A system is designed with a flow rate of 225 gpm of water at 60 F flowing through 6" schedule 40 pipe. A long-radius nozzle flow has been requested. A measured head loss of 4 feet is the design measurement, with 1D upstream and 1/2D downstream taps.
Find the required diameter of the nozzle.
In [1]:
from fluids.units import *
from math import pi
mu = 1.1*u.cP
rho = 62.364*u.lb/u.ft**3
NPS, Di, Do, t = nearest_pipe(NPS=6, schedule='40')
A = 0.25*pi*Di*Di
dP = 4*u.feet_H2O
P1 = 10*u.bar # assumed, not very important
P2 = P1 - dP
k = 1.3 # not important
Q = 225*u.gal/u.min
m = Q*rho
In [2]:
Do = differential_pressure_meter_solver(D=Di, rho=rho, mu=mu, k=k, P1=P1, P2=P2,
m=m, meter_type='long radius nozzle',
taps='D')
print('Nozzle diameter found to be %s.' %(Do.to(u.inch)))
The solution given in Crane is 2.40 inches after two iterations and has an error of 0.4 gpm, whereas the answer above has almost zero theoretical error.
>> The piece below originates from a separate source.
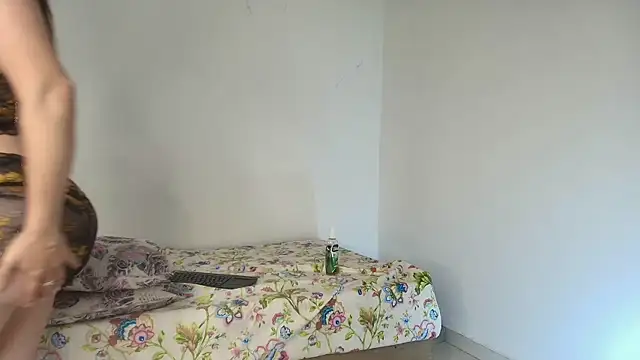 saramaartinez live sex cam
The Non-recoverable pressure drop (NRPD) is the permanent pressure drop associated with the flow through the measurement device. Find the NPRD for example 7.30.
In [3]:
C, epsilon = differential_pressure_meter_C_epsilon(D=Di, D2=Do, m=m, P1=P1, P2=P2, rho=rho, mu=mu, k=k,
meter_type='long radius nozzle')
C
Out[3]:
In [4]:
dP = differential_pressure_meter_dP(D=Di, D2=Do, P1=P1, P2=P2, C=C,
meter_type='long radius nozzle')
dP.to(u.psi)
Out[4]:
The solution given in Crane is 1.272 psi.